La prise en charge des diabètes insulino-dépendants a connu de nombreuses évolutions depuis la première injection d’insuline à un patient en 1922. Mais le développement des pompes à insuline puis, il y a quelques années seulement, l’arrivée des dispositifs de mesure du glucose en continu (MGC) a été une révolution pour de nombreux patients. Fini les mesures au bout du doigt, un capteur collé sur la peau suffit désormais. Et depuis quelques mois, certains patients suisses bénéficient d’un système qui couple capteur et pompe afin d’automatiser davantage la délivrance d’insuline. Des innovations qui certes apportent une nette amélioration de la qualité de vie, mais qui ne doivent pas occulter la charge mentale que la maladie fait peser au quotidien sur les diabétiques insulino-traités, presque tous atteints d’un diabète appelé «de type 1».

Pancréas défaillant

Ce diabète de type 1 est souvent diagnostiqué dans l’enfance ou durant l’adolescence. Aujourd’hui encore, les facteurs déclenchants de cette maladie, qui concerne environ 40'000 personnes en Suisse, ne sont pas entièrement compris. Chez ces patients, le pancréas ne produit pas ou pas assez d’insuline, hormone qui permet au glucose d’être capté par les cellules. «En conséquence, d’une part, les patients n’arrivent pas à utiliser le sucre issu de leur alimentation pour fournir l’énergie nécessaire au bon fonctionnement de leurs cellules. Et d’autre part, ils ont une concentration de glucose dans le sang trop élevée, qui peut à la longue provoquer des complications, telles que des rétinopathies, des atteintes rénales ou vasculaires», explique le Pr Jacques Philippe, endocrinologue diabétologue à la Clinique Beaulieu et Genolier, à Genève.

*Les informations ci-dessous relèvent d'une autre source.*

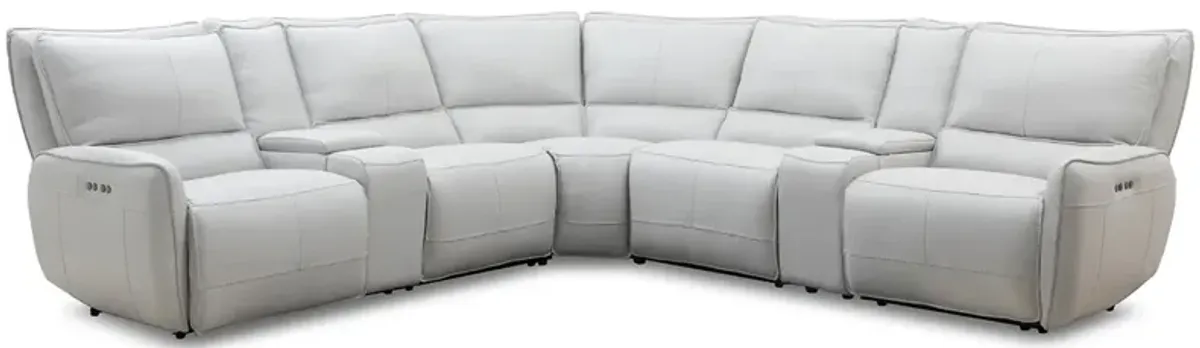 Boswell Leather 7 Pc. Power Sectional W/ Power Headrests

Depuis le début du 20e siècle, des insulines de substitution, d’abord issues de l’animal puis synthétiques, ont été utilisées pour permettre de pallier le manque de production par le pancréas. Mais pendant longtemps, les patients ont en plus dû adapter leur mode de vie à leur traitement, les injections ne parvenant pas à mimer avec une précision suffisante la sécrétion endogène. «Le développement du concept d’insulinothérapie fonctionnelle a été un grand pas, relève la Pre Anne Wojtusciszyn, médecin-adjoint au Service d’endocrinologie, diabétologie et métabolisme du Centre hospitalier universitaire vaudois (CHUV). Le principe est d’adapter les doses aux besoins du patient, en fonction de ses apports en sucre et de son activité physique par exemple. Ceci a été rendu possible par le développement des lecteurs de glycémie qui analysent en temps réel une goutte de sang prise au bout du doigt, et celui d’insulines de plus en plus sophistiquées avec des durées d’action différentes.»

Cette avancée n’a cependant pas permis de sortir du cliché sur le sucre: «Je ne compte plus le nombre de fois où j’ai dû me justifier parce que j’étais en train de manger une confiserie ou parce que je voulais aller déjeuner au fast-food, déplore Filipe, membre de l’Association Neuchâteloise des Diabétiques, diagnostiqué durant son adolescence il y a une dizaine d’années. Les gens pensent toujours qu’un diabétique ne peut pas manger de sucre, alors que tant que je suis vigilant et que je m’injecte correctement mon insuline, je peux faire ce que je veux!»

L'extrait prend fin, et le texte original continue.